You can retool the strategies that are performing pretty well, but could use some improvement.
Most importantly, you can double-down on the strategies that bring you the most ROI, the highest loyalty and customer lifetime values (CLVs), and the most agreeable customers to do business with. (Because let’s face it: just because a customer is profitable, doesn’t always mean they’re worth it.)
You can also use these insights to uncover new opportunities that you never even knew were there, like a new type of website to advertise on, or a completely new medium that you haven’t traversed yet but discovered that your ideal customer is into.
A Checklist for Asking the Right Questions
If you’re not already a data junkie, your overhauling strategy will benefit immensely from digging into your existing information. When I say digging, I really mean digging.
Sales figures, analytics metrics, surveys — at large, these results can be nothing short of intimidating.

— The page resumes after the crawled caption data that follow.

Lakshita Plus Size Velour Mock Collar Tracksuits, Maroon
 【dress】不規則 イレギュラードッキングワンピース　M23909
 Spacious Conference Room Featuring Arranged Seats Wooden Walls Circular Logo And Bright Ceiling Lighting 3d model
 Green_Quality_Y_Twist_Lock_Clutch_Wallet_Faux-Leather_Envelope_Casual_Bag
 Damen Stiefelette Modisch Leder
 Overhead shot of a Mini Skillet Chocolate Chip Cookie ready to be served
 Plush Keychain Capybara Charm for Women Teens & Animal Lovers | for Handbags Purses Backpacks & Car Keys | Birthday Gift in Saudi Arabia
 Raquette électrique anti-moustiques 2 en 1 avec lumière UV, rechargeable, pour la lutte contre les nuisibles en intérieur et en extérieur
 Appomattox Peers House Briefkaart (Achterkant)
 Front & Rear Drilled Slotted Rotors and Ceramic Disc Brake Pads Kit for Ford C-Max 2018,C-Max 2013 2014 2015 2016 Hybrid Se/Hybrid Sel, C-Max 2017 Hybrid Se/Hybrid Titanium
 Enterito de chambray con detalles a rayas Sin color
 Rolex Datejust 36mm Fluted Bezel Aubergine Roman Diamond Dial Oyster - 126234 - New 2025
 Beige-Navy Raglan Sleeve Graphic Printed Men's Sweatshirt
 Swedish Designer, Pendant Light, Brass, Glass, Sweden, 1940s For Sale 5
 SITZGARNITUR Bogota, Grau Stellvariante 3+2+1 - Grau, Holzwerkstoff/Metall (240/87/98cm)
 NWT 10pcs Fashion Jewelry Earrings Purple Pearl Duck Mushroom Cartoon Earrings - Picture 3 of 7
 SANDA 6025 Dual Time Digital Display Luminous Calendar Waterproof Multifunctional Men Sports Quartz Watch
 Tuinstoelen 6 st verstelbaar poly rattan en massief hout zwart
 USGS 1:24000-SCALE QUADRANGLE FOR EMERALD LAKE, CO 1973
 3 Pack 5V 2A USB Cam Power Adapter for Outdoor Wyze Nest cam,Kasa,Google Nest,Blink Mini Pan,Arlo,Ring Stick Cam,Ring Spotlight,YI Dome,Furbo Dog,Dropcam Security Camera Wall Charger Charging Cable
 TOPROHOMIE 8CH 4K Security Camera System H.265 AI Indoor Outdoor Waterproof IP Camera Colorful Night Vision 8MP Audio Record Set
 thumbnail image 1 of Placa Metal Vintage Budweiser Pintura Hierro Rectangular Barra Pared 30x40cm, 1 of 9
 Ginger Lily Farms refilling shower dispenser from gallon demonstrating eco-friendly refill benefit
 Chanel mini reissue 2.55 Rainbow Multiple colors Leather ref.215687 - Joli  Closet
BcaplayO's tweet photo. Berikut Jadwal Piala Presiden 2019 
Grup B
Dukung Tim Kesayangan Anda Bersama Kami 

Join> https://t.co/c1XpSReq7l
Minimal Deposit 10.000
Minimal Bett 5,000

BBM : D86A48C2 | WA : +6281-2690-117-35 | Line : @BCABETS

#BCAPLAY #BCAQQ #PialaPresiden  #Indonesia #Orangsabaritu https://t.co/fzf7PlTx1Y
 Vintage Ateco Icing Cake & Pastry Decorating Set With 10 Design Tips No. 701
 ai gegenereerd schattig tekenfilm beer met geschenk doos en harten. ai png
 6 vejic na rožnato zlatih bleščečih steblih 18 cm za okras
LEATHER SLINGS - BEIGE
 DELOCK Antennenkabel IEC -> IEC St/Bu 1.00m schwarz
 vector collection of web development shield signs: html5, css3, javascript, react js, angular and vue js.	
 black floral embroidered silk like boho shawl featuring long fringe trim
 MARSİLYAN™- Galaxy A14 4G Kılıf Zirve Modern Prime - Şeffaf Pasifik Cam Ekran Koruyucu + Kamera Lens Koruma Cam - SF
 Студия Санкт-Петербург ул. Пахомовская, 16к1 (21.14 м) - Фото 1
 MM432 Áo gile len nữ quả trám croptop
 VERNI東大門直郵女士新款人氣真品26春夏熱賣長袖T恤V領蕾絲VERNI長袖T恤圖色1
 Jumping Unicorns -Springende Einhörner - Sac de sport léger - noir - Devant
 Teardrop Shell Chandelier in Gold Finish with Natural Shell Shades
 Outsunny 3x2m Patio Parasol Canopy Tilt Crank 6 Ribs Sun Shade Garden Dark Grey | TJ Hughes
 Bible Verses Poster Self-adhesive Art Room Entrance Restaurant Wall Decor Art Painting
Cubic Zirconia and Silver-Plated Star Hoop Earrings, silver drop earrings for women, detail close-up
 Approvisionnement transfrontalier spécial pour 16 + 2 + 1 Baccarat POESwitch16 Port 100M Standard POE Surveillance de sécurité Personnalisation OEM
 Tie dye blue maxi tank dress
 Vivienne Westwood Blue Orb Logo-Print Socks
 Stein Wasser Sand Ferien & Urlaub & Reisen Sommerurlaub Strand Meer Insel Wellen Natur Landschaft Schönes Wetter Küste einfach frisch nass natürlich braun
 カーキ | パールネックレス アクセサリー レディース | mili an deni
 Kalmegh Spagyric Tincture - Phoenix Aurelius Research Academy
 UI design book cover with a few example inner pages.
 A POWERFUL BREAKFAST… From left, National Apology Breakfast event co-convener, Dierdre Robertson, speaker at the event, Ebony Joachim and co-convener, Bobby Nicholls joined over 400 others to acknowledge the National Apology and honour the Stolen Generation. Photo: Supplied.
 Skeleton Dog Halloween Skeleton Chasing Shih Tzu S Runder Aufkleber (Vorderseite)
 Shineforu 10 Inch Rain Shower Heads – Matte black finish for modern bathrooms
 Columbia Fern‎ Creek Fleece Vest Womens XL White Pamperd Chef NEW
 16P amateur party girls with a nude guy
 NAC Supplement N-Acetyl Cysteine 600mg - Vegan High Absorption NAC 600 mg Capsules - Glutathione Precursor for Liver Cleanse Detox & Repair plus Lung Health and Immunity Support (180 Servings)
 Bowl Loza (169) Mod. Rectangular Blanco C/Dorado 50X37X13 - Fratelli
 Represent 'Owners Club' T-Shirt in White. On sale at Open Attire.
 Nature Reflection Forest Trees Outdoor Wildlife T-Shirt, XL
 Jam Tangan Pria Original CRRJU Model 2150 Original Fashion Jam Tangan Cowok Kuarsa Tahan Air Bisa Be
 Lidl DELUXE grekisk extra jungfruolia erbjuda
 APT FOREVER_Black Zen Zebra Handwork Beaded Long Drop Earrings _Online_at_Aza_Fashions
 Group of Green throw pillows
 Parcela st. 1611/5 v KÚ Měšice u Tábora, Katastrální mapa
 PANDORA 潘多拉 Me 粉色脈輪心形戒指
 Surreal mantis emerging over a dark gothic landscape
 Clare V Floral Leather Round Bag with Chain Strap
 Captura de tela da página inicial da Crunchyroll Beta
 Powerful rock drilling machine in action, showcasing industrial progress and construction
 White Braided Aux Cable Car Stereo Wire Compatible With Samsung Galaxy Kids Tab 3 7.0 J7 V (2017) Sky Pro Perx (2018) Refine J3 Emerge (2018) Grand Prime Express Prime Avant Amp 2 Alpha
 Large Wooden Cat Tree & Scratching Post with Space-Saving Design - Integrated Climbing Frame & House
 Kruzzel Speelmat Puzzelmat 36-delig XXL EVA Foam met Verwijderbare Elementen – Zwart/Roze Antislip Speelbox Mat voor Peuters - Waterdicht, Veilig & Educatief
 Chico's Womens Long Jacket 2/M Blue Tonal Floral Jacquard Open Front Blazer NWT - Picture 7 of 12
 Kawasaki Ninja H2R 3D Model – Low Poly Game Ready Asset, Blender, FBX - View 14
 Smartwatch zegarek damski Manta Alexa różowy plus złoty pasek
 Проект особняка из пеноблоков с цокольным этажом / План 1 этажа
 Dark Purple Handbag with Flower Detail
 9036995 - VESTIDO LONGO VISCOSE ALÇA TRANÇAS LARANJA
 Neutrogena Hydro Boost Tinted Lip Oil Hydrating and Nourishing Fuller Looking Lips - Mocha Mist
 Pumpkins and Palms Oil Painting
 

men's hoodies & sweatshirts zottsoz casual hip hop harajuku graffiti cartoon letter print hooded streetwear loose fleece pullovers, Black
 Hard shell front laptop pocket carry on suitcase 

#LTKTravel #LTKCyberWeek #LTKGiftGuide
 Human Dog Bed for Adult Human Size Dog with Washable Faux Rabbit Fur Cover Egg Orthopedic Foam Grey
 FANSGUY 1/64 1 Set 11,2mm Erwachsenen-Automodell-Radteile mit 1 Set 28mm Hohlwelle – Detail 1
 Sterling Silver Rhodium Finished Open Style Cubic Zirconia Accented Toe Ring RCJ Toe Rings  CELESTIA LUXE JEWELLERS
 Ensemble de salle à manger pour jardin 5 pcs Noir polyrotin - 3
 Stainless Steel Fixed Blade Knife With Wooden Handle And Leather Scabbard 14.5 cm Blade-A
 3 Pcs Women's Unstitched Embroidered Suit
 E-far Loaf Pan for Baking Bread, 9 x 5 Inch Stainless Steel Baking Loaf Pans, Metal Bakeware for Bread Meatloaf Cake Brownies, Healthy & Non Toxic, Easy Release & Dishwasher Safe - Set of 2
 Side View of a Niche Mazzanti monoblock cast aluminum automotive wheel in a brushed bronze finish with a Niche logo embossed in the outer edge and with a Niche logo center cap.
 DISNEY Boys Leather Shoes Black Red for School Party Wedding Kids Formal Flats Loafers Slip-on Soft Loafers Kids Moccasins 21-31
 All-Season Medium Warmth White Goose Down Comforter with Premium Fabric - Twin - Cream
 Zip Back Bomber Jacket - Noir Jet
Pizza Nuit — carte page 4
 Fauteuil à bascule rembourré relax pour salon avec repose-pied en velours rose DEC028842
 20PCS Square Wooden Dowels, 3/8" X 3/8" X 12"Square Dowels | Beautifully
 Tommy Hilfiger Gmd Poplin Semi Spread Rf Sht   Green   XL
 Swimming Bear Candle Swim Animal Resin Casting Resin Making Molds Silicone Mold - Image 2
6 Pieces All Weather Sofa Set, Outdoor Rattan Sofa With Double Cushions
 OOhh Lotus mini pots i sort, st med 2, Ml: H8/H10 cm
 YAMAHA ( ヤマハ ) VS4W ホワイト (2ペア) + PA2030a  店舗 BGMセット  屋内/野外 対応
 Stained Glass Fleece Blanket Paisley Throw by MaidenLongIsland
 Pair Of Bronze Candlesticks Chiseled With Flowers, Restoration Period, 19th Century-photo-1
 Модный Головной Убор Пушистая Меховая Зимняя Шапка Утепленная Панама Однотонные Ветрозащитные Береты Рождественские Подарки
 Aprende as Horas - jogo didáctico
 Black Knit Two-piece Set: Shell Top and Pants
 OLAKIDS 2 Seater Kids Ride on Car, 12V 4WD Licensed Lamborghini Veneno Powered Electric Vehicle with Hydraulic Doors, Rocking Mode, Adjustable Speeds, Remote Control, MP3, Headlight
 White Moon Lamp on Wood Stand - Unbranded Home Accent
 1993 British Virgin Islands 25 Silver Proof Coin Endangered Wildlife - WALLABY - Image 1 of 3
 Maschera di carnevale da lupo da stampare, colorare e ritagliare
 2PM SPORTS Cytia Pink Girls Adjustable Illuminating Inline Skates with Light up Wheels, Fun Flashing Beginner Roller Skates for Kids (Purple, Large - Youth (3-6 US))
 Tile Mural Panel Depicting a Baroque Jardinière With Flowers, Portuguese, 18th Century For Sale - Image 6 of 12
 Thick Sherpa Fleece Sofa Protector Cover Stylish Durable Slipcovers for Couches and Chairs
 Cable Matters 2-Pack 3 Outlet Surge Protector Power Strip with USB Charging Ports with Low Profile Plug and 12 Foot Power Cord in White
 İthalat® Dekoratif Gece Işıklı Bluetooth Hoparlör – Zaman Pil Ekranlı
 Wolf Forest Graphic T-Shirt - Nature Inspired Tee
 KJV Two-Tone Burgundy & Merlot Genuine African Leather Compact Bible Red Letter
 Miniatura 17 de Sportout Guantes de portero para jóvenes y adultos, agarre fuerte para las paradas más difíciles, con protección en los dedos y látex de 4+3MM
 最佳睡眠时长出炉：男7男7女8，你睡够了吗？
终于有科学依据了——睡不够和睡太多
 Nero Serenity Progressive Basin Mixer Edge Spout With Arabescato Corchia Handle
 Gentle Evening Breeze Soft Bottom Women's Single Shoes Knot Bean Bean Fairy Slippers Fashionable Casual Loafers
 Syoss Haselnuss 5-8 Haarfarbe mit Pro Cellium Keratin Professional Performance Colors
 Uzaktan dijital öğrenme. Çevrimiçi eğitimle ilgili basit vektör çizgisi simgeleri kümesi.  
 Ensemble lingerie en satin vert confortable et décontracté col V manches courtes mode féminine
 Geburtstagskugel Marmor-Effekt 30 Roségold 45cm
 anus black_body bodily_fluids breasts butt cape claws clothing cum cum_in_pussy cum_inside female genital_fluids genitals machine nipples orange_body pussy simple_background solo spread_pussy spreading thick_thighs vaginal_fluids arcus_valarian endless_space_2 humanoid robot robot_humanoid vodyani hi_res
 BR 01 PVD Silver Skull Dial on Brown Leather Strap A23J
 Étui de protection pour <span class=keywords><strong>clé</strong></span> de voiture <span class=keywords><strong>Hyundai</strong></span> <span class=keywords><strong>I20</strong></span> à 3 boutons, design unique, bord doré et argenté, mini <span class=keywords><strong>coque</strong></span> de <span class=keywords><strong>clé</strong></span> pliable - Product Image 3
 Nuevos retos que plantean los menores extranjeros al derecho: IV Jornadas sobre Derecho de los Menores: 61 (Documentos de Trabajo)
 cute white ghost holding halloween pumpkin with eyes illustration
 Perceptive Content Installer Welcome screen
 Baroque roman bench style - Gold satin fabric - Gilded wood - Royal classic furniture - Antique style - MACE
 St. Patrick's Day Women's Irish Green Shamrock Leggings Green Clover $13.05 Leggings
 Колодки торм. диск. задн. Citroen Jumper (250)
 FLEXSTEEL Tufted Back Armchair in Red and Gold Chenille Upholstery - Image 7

Frankly, without the right lens of analysis, they can also be pretty arbitrary.
The numbers are important, but to truly get value, you’ll need to infuse qualitative data observations.
Bust out your data shovel to answer questions like:
- Who’s visiting the site? Are they the ones who should be visiting?
- Where did they come from? Which user acquisition strategies can we credit for their visit?
- Are there any observable patterns in the user sessions where customers convert, spend the most, and return? Can we better sculpt our model around them?
- What’s the customer lifetime value (CLV), or the net profit of each customer after marketing and other acquisition costs are taken into account?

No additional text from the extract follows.